Calls to Health Link, a 24-hour medical help line in Alberta, have tripled and visits to emergency rooms have almost doubled with H1N1-related cases.
In Edmonton, Health Link is receiving about 10,000 calls a day, while the city's emergency rooms are seeing about 1,500 patients a day, a 40 per cent increase.
The high volumes have meant long lineups and many frustrated, sick people. On Friday, assessment clinics opened in Edmonton and Calgary.
Maggie Marks, who has swine flu, told CBC News she waited for more than six hours in an emergency room earlier this week.
"I wasn't prepared to sit there for another six hours," Marks said. "I mean I understand that everyone's busy... but nobody really listened ... as soon as they see it's the flu, they kind of just lump you [with] everyone else."
As an alternative to waiting in long lines, people are calling 911 for a quicker response, something Marks said crossed her mind.
"The thinking was if it gets so bad, just call an ambulance."
Justin Mazzolini, a paramedic, said calls to 911 have increased.
"It tends to be a fail safe when people don't know what to do," Mazzolini said. "It may not be the most appropriate but they do know someone will arrive to help them shortly by answering a 911 call."
Dr.

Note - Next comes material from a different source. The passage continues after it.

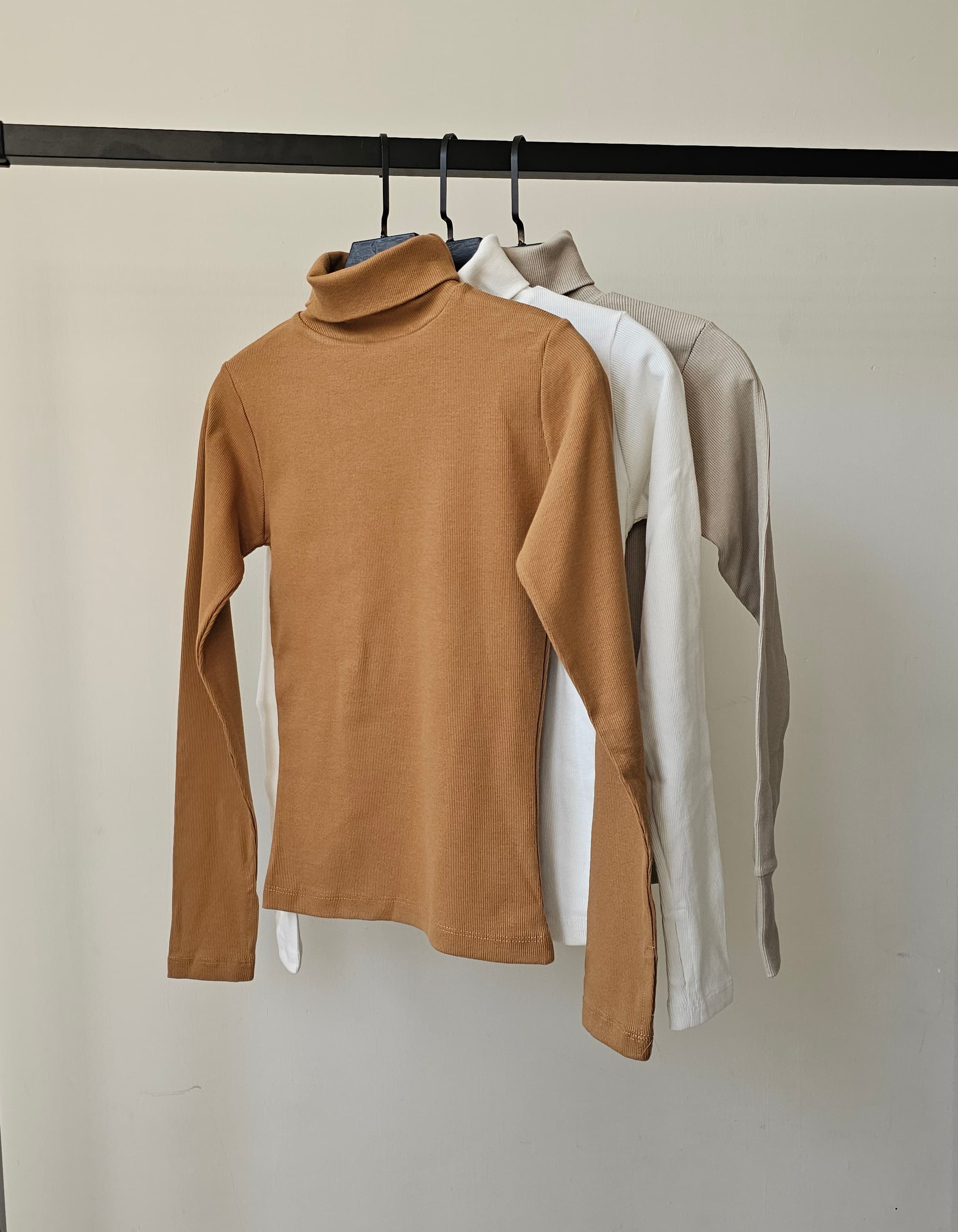 بلوز یقه اسکی پنبه زنانه کد ۱۳۱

Gerald Predy, Alberta's chief medical health officer, said while calls have increased extra staff have been made available to help.
Officials hope the assessment clinics will free up the phone lines and reduce pressure on the city's emergency rooms.
In Edmonton, the assessment clinic will be held at the Duggan Public Health Centre, which is located on the city's southside at 5035 108 A Street. It will be open from 8 a.m. until midnight. The other clinic, located in Calgary, will be held at the Richmond Road Diagnostic and Treatment Centre.